EXCERPTED RECORDS section start

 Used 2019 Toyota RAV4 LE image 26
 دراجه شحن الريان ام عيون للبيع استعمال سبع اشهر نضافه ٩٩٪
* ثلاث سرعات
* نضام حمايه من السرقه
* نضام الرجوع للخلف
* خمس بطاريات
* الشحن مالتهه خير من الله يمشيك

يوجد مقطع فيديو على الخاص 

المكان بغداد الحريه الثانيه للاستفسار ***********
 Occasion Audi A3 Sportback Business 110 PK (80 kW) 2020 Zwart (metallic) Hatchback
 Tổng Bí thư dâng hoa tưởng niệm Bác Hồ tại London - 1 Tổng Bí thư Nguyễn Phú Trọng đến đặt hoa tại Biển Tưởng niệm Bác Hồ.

EXCERPTED RECORDS section end
EXCERPTED RECORDS section start

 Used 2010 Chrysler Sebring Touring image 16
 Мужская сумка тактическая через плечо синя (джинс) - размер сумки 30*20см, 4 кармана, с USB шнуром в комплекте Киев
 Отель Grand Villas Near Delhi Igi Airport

EXCERPTED RECORDS section end

_PROBLEM STATEMENT_
The lines above, starting at the one with "نضام الرجوع للخلف" and ending at the one with "Tổng Bí thư dâng", are the only ones to return, exactly as written.

_EXPECTED ANSWER_
* نضام الرجوع للخلف
* خمس بطاريات
* الشحن مالتهه خير من الله يمشيك

يوجد مقطع فيديو على الخاص 

المكان بغداد الحريه الثانيه للاستفسار ***********
 Occasion Audi A3 Sportback Business 110 PK (80 kW) 2020 Zwart (metallic) Hatchback
 Tổng Bí thư dâng hoa tưởng niệm Bác Hồ tại London - 1 Tổng Bí thư Nguyễn Phú Trọng đến đặt hoa tại Biển Tưởng niệm Bác Hồ.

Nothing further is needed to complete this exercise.